Some of the advantages of the present invention include low power consumption, high brightness, low cost and low drive voltage. Additionally, the cathode assembly of the present invention is less complicated and less expensive to manufacture than micro-tip based triode displays since sophisticated photolithography is not required to produce a flat cathode arrangement.
Accordingly, it is a primary object of the present invention to provide a flat panel display comprising 1) a cathode assembly having a plurality of cathodes, each cathode including a layer of cathode conductive material and a layer of a low effective work-function material deposited over the cathode conductive material and 2) an anode assembly having a plurality of anodes, each anode including a layer of anode conductive material and a layer of cathodoluminescent material deposited over the anode conductive material, the anode assembly located proximate the cathode assembly to thereby receive charged particle emissions from the cathode assembly, the cathodoluminescent material emitting light in response to the charged particle emissions.
Another object of the present invention is to provide a display wherein a plurality of cathodes have a relatively flat emission surface comprising a low effective work-function material arranged to form a plurality of micro-crystallites.
A further object of the present invention is to provide a display wherein a plurality of cathodes have micro-tipped emission surfaces.
Still a further object of the present invention is to provide a display wherein a plurality of cathodes are randomly fabricated.
Yet another object of the present invention is to provide a display wherein a plurality of cathodes are photolithographically fabricated.
Another object of the present invention is to provide a display wherein micro-crystallites function as emission sites.
Still another object of the present invention is to provide a display wherein a low effective work-function material is amorphic diamond film.
And another object of the present invention is to provide a display wherein emission sites contain dopant atoms.
A further object of the present invention is to provide a display wherein a dopant atom is carbon.
Yet a further object of the present invention is to provide a display wherein emission sites have a different bonding structure from surrounding, non-emission sites.
Yet still another object of the present invention is to provide a display wherein emission sites have a different bonding order from surrounding, non-emission sites.
And still another object of the present invention is to provide a display wherein emission sites contain dopants of an element different from a low effective work-function material.
And another object of the present invention is to provide a display wherein emission sites contain defects in crystalline structure.
Yet another object of the present invention is to provide a display wherein defects are point defects.
Yet a further object of the present invention is to provide a display wherein defects are line defects.
Still a further object of the present invention is to provide a display wherein defects are dislocations.
Another primary object of the present invention is to provide a flat panel display comprising 1) a plurality of corresponding light-emitting anodes and field-emission cathodes, each of the anodes emitting light in response to electron emission from each of the corresponding cathodes and 2) means for selectively varying field emission between the plurality of corresponding light-emitting anodes and field-emission cathodes to thereby effect an addressable grey-scale operation of the flat panel display.
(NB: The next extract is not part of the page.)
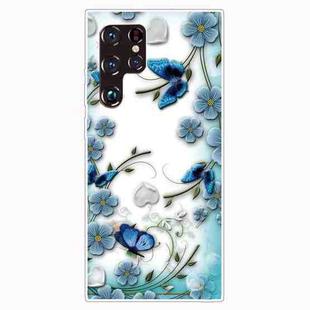 For Samaung Galaxy S22 Ultra 5G Painted Pattern High Transparent TPU Phone Case(Chrysanthemum Butterfly)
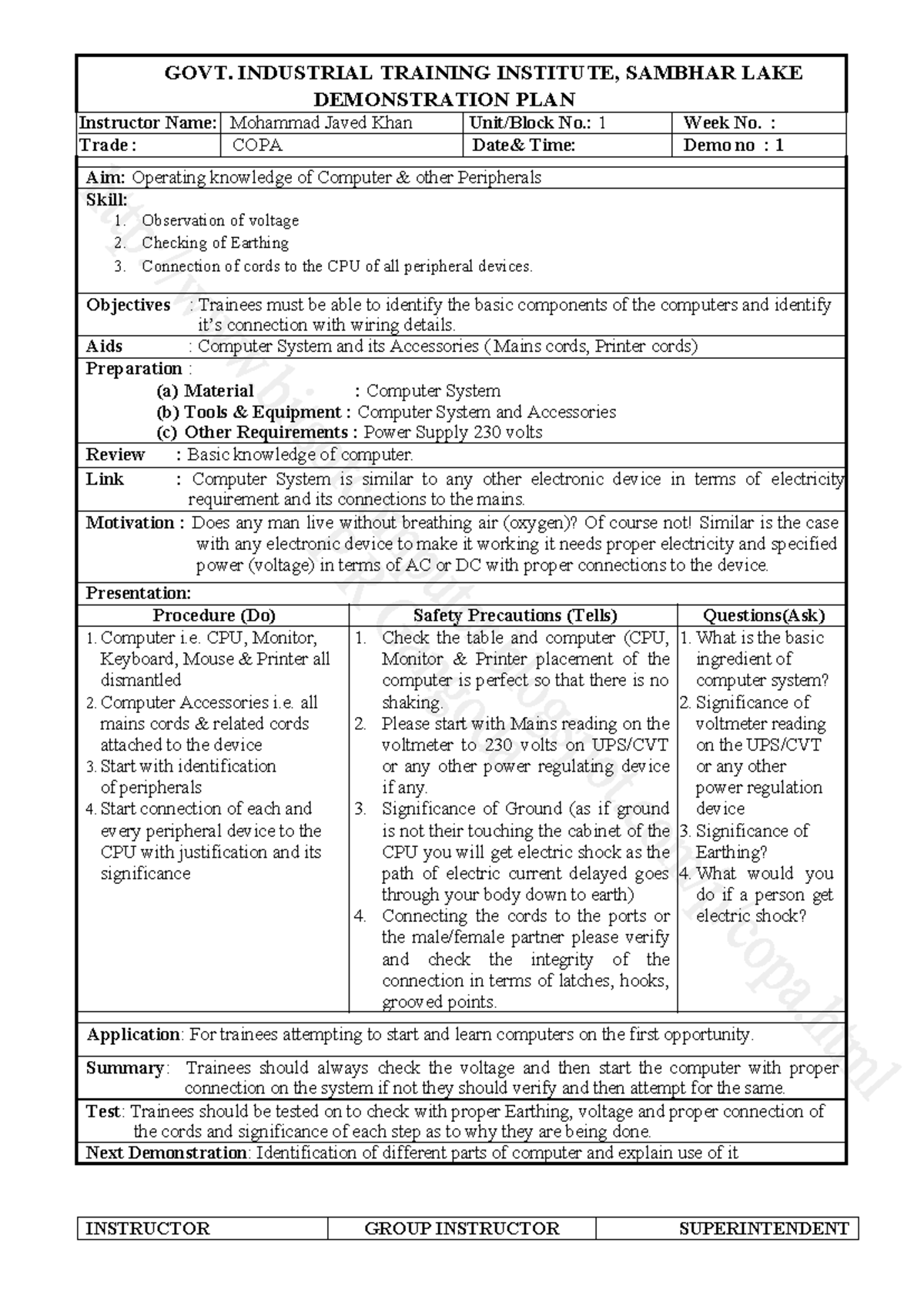 Demonstration Plan for COPA Trade: Final Exam Preparation Guide - Studocu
A further object of the present invention is to provide a display wherein emission between a plurality of corresponding light-emitting anodes and field-emission cathodes is varied by application of a variable electrical potential between selectable ones of the plurality of corresponding light-emitting anodes and field-emission cathodes.
Another object of the present invention is to provide a display wherein emission between a plurality of corresponding light-emitting anodes and field-emission cathodes is varied by applying a switched constant electrical potential between selectable ones of the plurality of corresponding light-emitting anodes and field-emission cathodes.
Yet another object of the present invention is to provide a display wherein a constant electrical potential is pulse width modulated to provide an addressable grey-scale operation of the flat panel display.
A further primary object of the present invention to provide a flat panel display comprising 1) a plurality of light-emitting anodes excited in response to electrons emitted from a corresponding one of a plurality of field-emission cathodes and 2) a circuit for electrically exciting a particular corresponding cathode and anode pair by changing an electrical potential of both the cathode and the anode of the pair.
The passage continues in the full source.